Vorstädter-Chilbi

Tagwachtschiessen und Morgenständchen
Bereits am Samstag vor der Chilbi herrscht munteres Treiben in der Vorstadt, der sogenannt „Minderen Stadt“. Dies ist der Tag des Bruderschaftsweibels, welcher für die Vorbereitung der höchsten Vorstädter Feiertage verantwortlich ist. Mitglieder der Bruderschaft, die sogenannten „Buechlisteller“, schmücken die Vorstadt mit Buechli aus dem Solothurner Stadtwald. Der Dornacherbrunnen wird festlich geschmückt und die Vorstadt wird mit Fahnen verziert. Diese sind auch auf den Brücken montiert, allerdings nur bis in die Mitte.
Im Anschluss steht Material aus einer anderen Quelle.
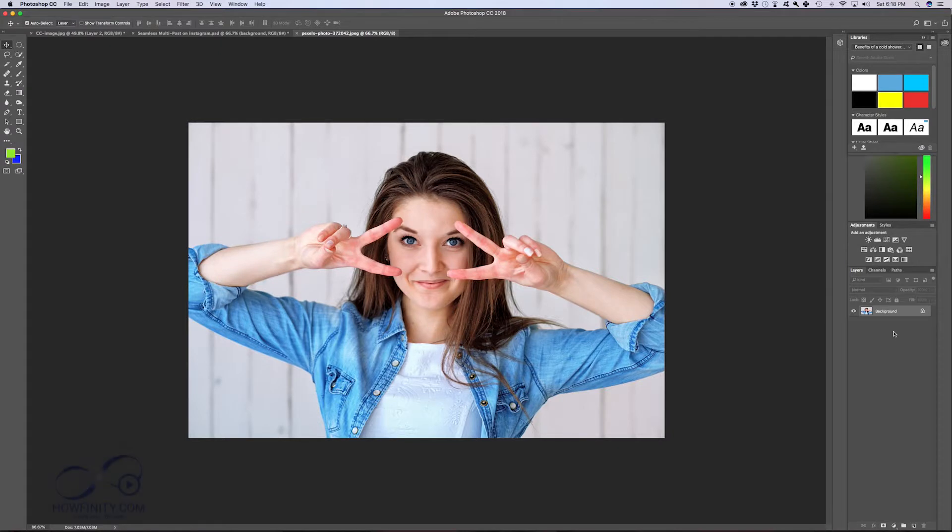In this Photoshop video, I wanted to show you how you could transform an image. How to scale it, how to rotate it, how to resize it, and I'm gonna show you that with this image here.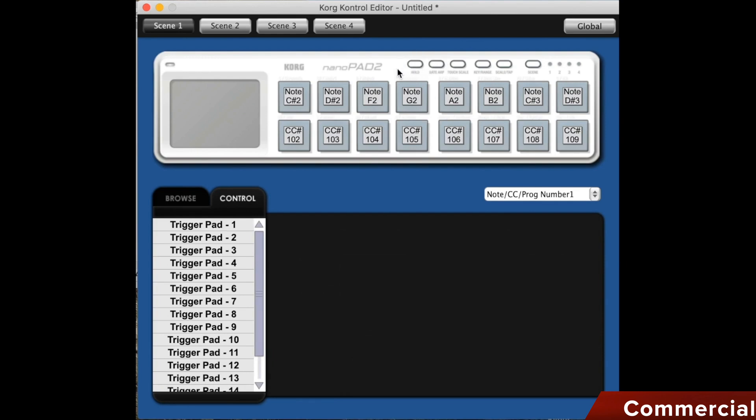The first is the hold button, which is used to maintain the position on the XY touchpad that I last used. The second is the gate up button, which I use to alternately turn the arpeggiator on and off. And when it is active, the button blinks at the current tempo.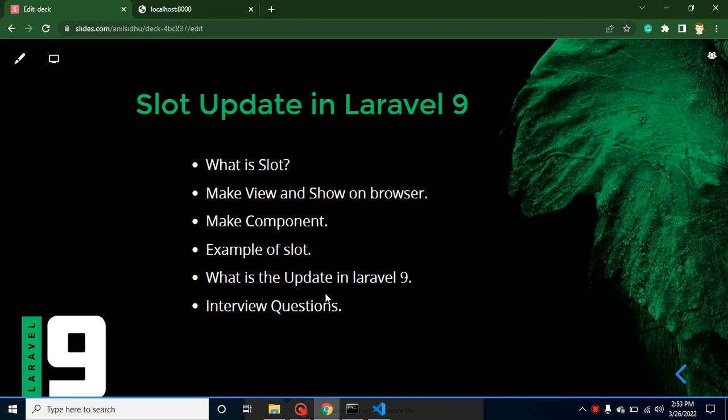Hi developers, welcome back to Code Step by Step. My name is Anil. In this part of Laravel 9, we will talk about slots and slot updates in Laravel 9. Slots are available in Laravel 8 also, but in Laravel 9 there are some minor updates, so I thought I can make a complete detailed video on Laravel slots.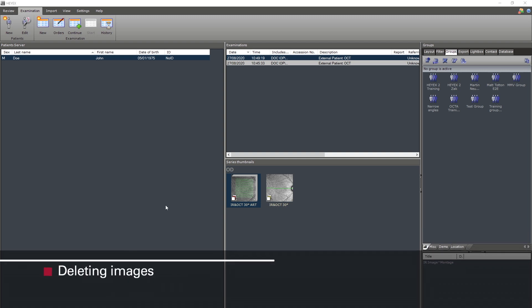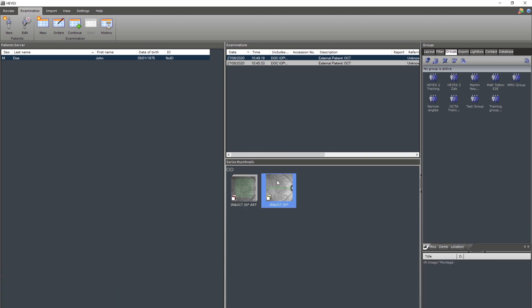To delete any unwanted scans, select the scan you wish to delete and press delete on the keyboard.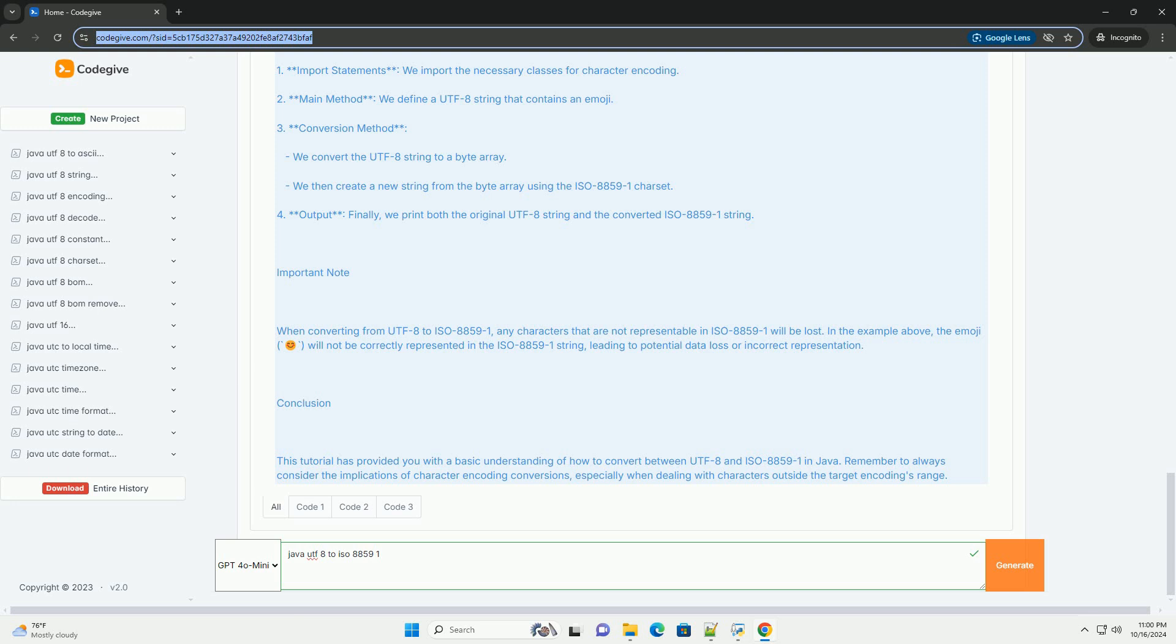When to convert: You may need to convert UTF-8 to ISO 8859-1 when you're dealing with legacy systems or databases that only support ISO 8859-1, or you need to generate data in a specific format that requires ISO 8859-1 encoding.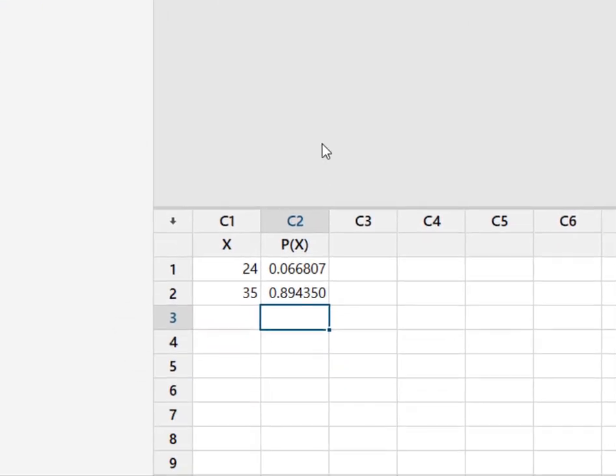So what this actually gives me is the probability of X being less than or equal to 24 and less than or equal to 35. And the way that cumulative distribution function works, we know that we have overlap. So to isolate the area between those two values, you have to subtract the two probabilities, or the two areas.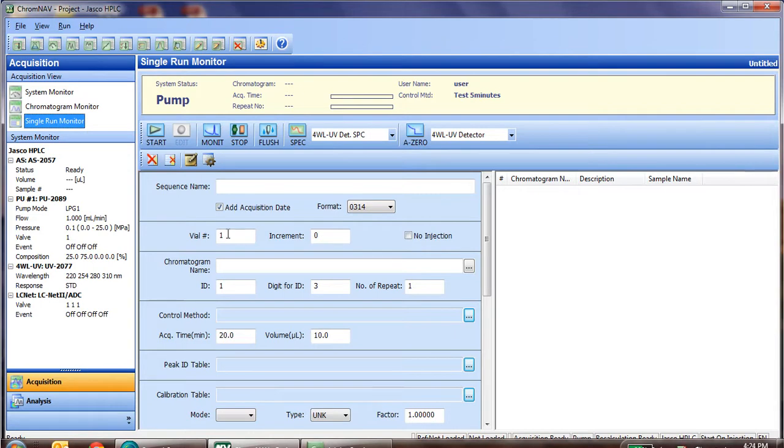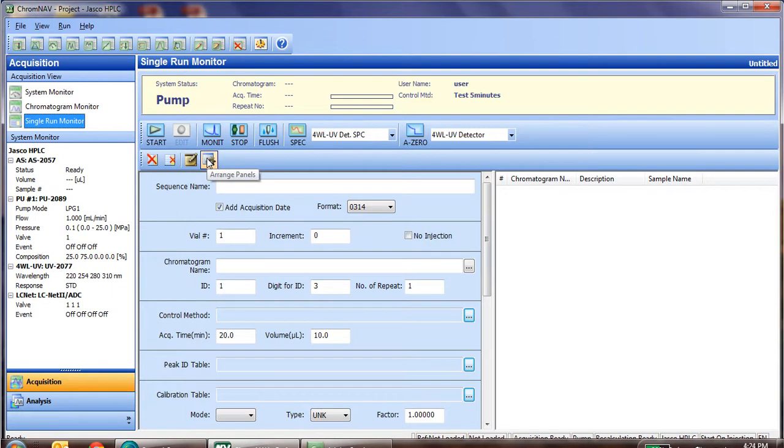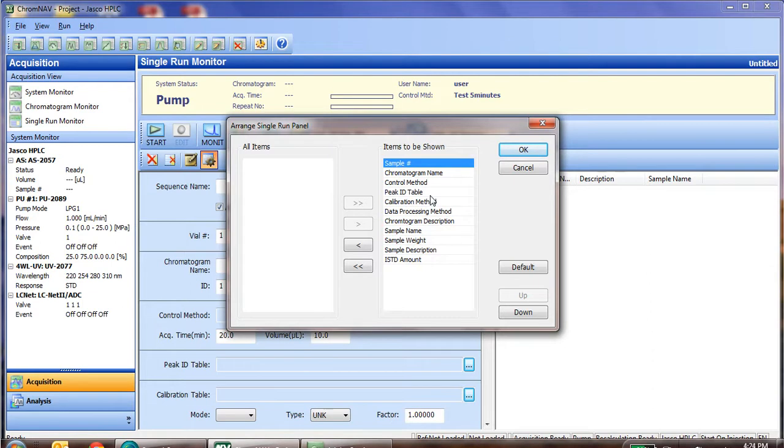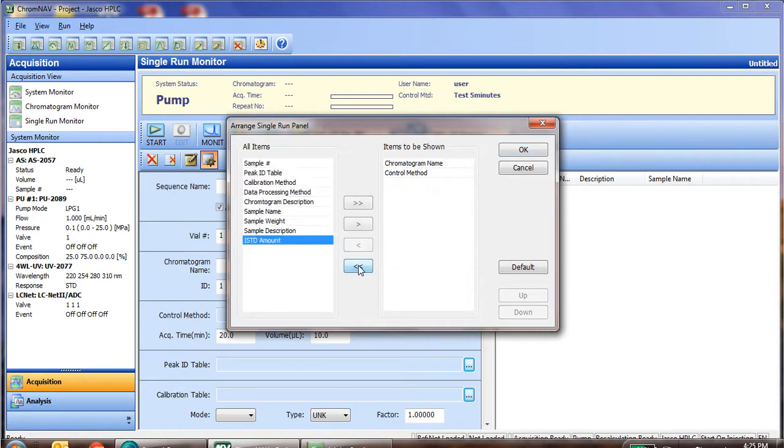When you click on that, you'll see your single run information that you'll enter in below. To simplify this, we'll click on Arrange Panels. Arrange Panels allows us to take away a lot of the data analysis information that we don't necessarily need to include when running a sample. After we learn more about the data analysis features, we can input these into the table, and it will automatically integrate as the sample is running. But for now, let's remove all those unnecessary ones.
Man signalisiert damit, dass es ein Fest der „Minderen Stadt“ ist und die „Mehrere Stadt“ an diesen beiden Tagen in der Vorstadt nichts zu sagen hat.

Punkt 07.00 Uhr am Chilbi-Morgen walten die Kanoniere ihres Amtes mit 11 Böllerschüssen aus der Bruderschaftskanone. Elf deshalb, weil dies die heilige Solothurner Zahl ist.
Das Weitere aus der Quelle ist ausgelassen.